Turnover your assets while still alive
Transferring your properties to your heirs during your lifetime will get you fewer assets under your name but will imply lower inheritance tax. Note though that you may be subject to a donor’s tax for the transfer of the property as a gift. A graduated tax rate between 2-15% would apply to the total net gifts made for the entire calendar year. A 30% tax rate would apply to gifts given to strangers.
Sell your assets to your heirs
If you want to pay lower taxes, selling the property to your heirs can be one of your options. When you sell the property, it will be subject to the documentary stamps tax, the transfer tax, and the capital gain tax.
The tax charged on instruments, documents, loan agreements, sales, transfer of property, and other pertinent papers is called documentary stamps tax. It will reflect on the Deed of Absolute Sale with a tax rate of 1.5% for every Php1,000 worth of the zonal value, the selling price, or the fair market value, whichever of them is higher.
The transfer tax is the tax charged for the transfer of ownership of real estate property. The rate ranges between 0.5%-0.75% of the property’s selling price or zonal value. This will, once again, depend on whichever of the two is higher according to the municipality where the property is located.

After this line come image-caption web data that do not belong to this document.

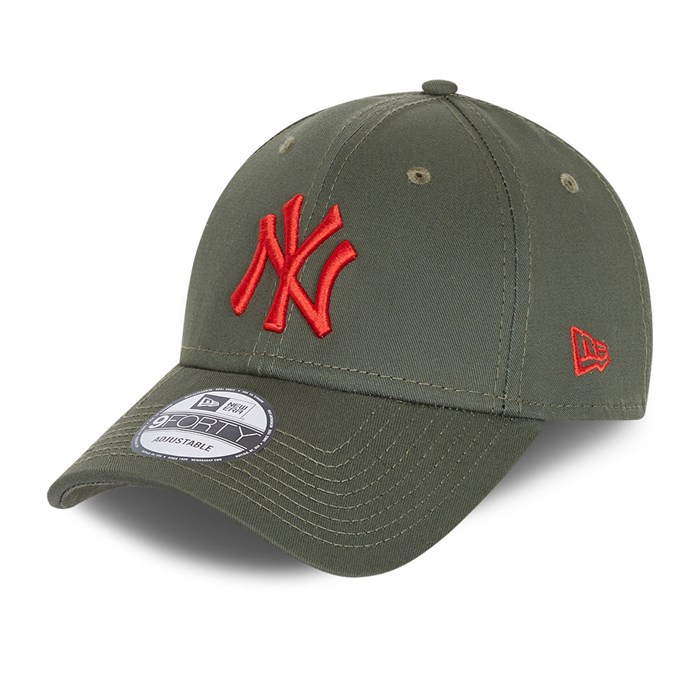 New York Yankees Essential 9FORTY Lippis Khaki - New Era Lippikset Outlet FI-425178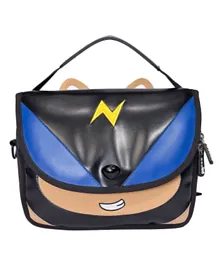 Nohoo Wow Handbag Space Dog - Black Blue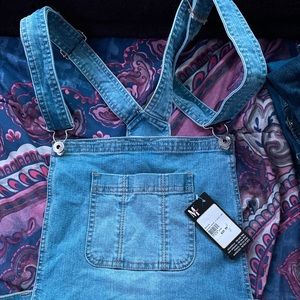 Romper/jean jumpsuit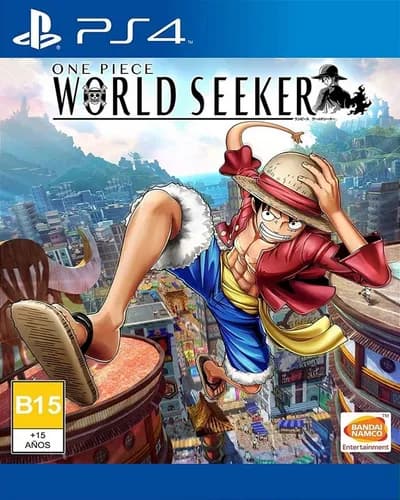 One Piece World Seeker Jogo Online para PS4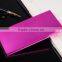 new ultra-thin power bank dual port usb mobile power bank 8800mah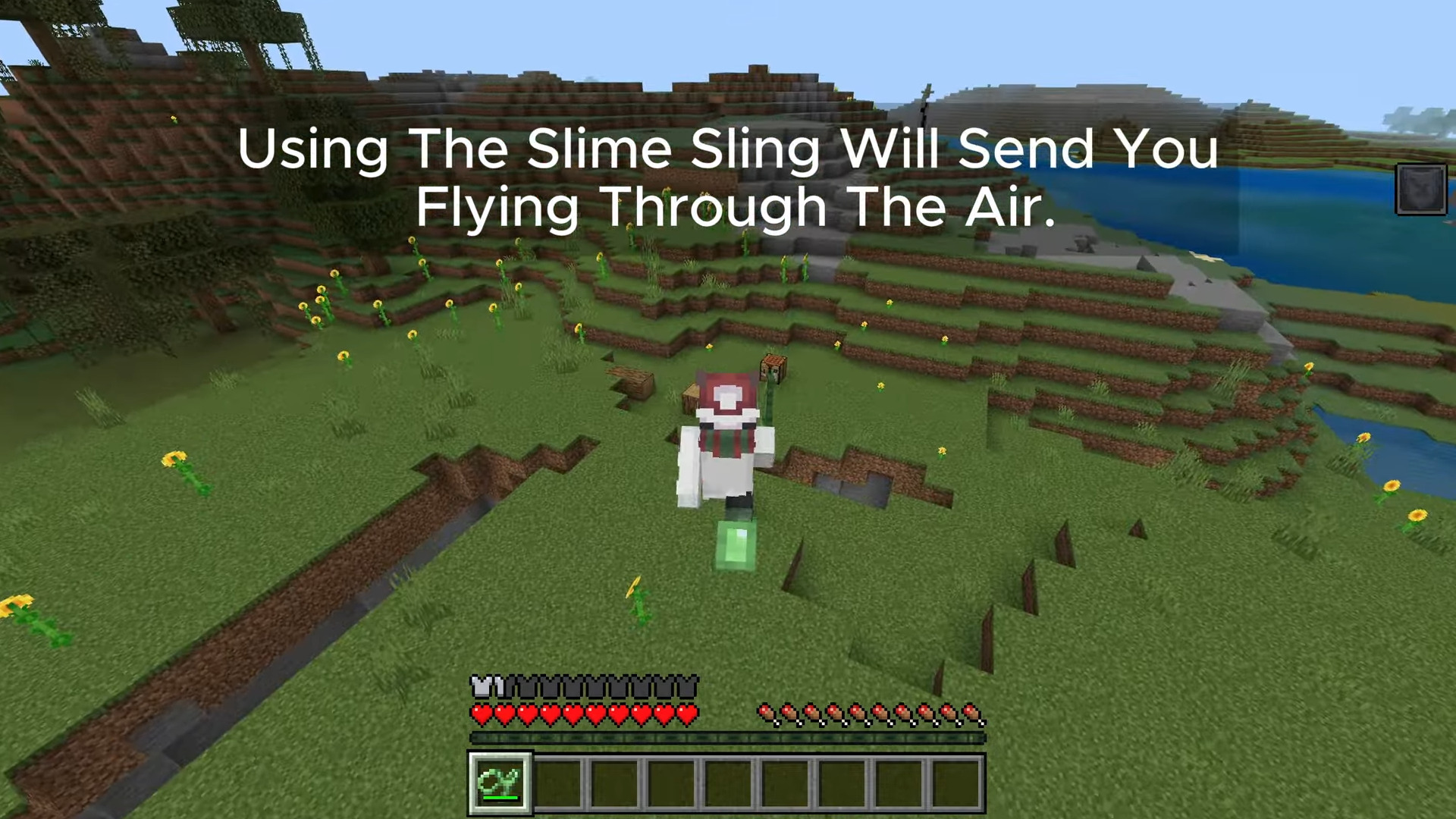 Raiyon's Slime Sling-Boots Addon (1.21) - MCPE/Bedrock Mod 5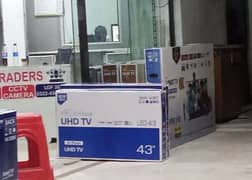 SAMSUNG 43" INCH LED TV BOX PACK 03004675739 0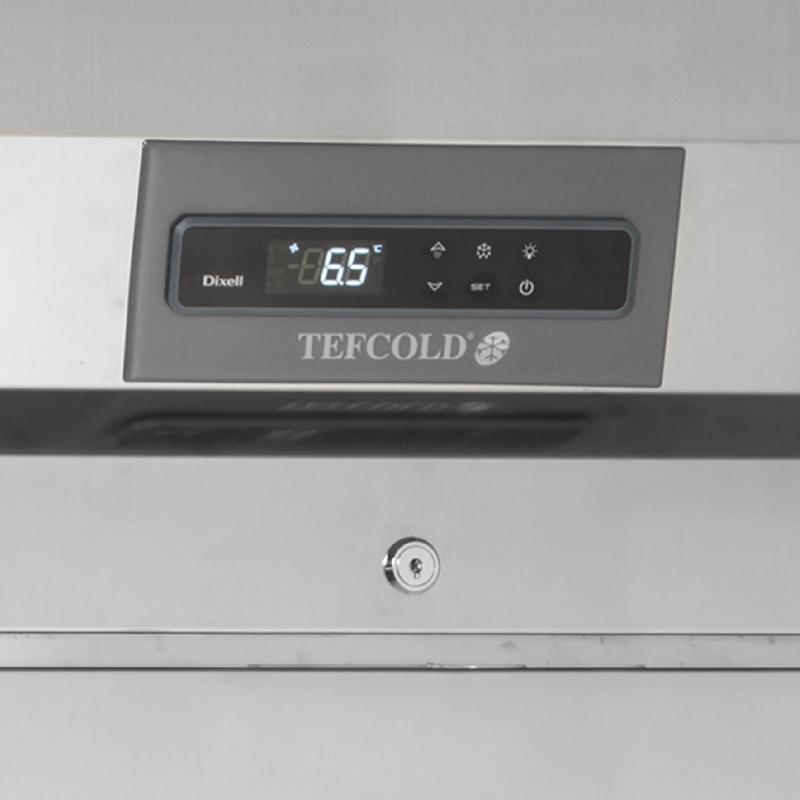 Réfrigérateur vertical GN2/1 RK710G L740mm 17588 TEFCOLD_1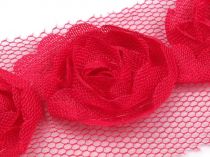 Textillux.sk - produkt Prámik na tyle šírka 20 mm s ružami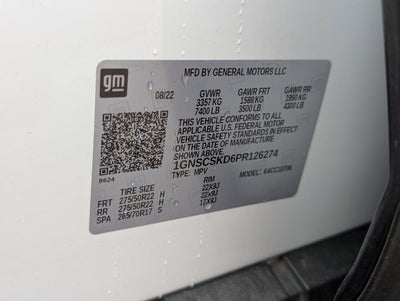 2023 Chevrolet Tahoe Premier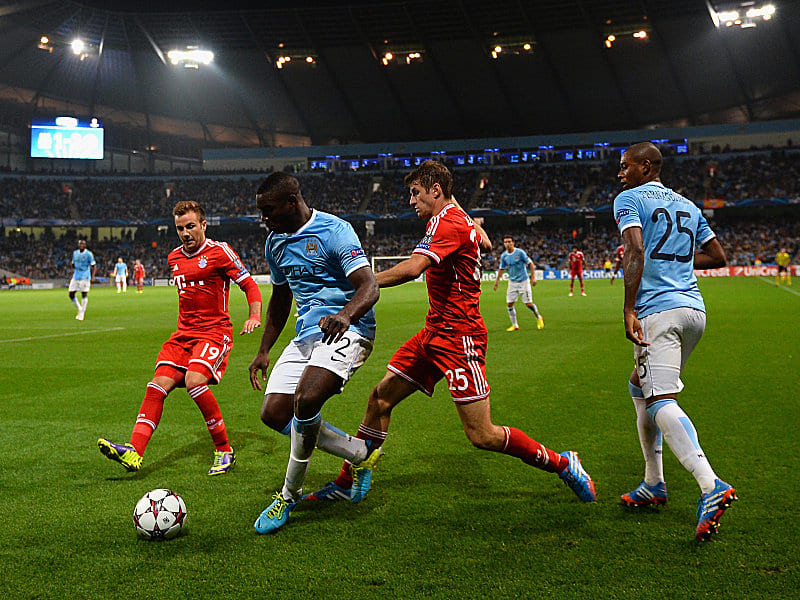 ManCity wird dem FC Bayern die Zähne zeigen.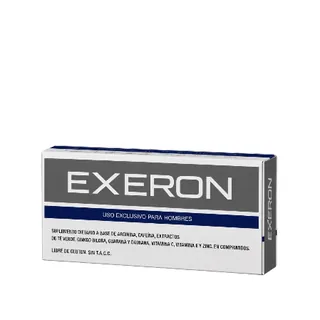 Exeron, caja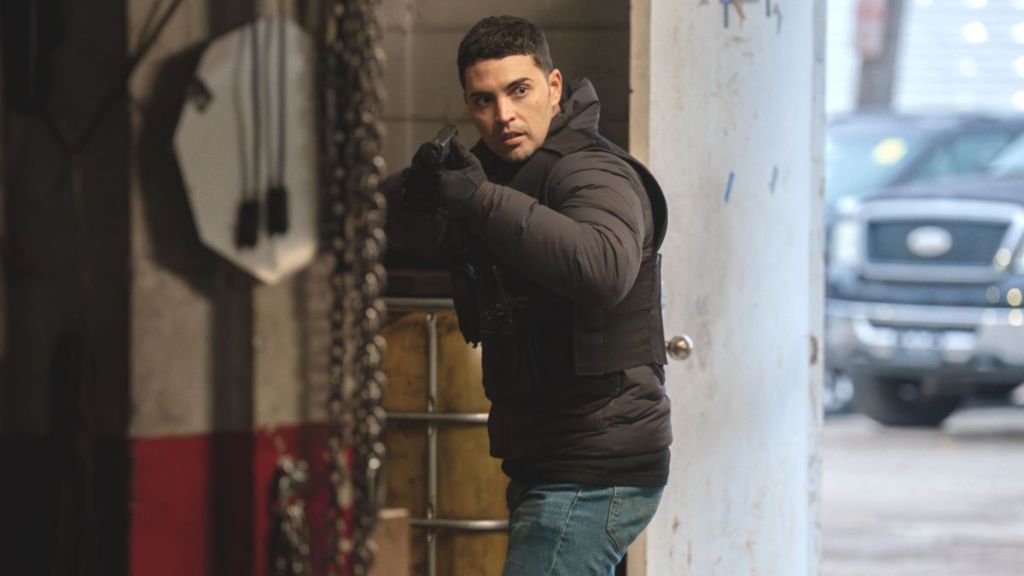 Actor Benjamin Levy Aguilar as Dante Torres in Chicago PD season 13 episode 11. (Photo Credit: Courtesy of NBC.)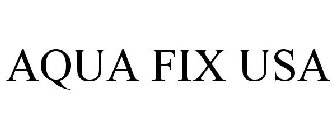 AQUA FIX USA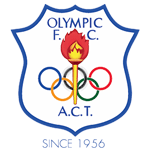 Escudo do Canberra Olympic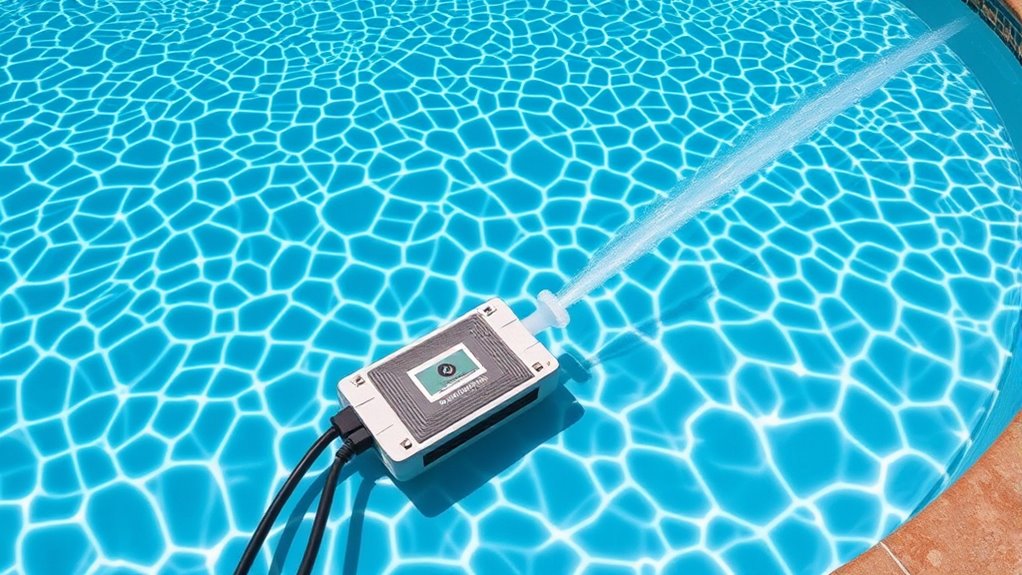 efficient thorough pool cleaning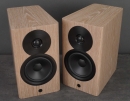 Dynaudio Focus 10 - kabellose Aktiv-Regallautsprecher, Paar Blonde Wood | Auspackware, sehr gut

A capital gains tax is charged for a property sold higher than the price when you first bought it. This will be the earnings gained by selling a capital asset. Its rate is 6% of the fair market value as stated by the BIR and will still be evaluated for adjustments.
So that’s it. An inheritance tax is being used interchangeably with estate tax in the Philippines. Understanding it is crucial in estate planning.
While a great deal of effort and research was put into the creation of this article, Lamudi always advises property owners to consult with professionals, such as licensed real estate brokers and attorneys, when producing a will, donating a property, or in any other real estate transaction.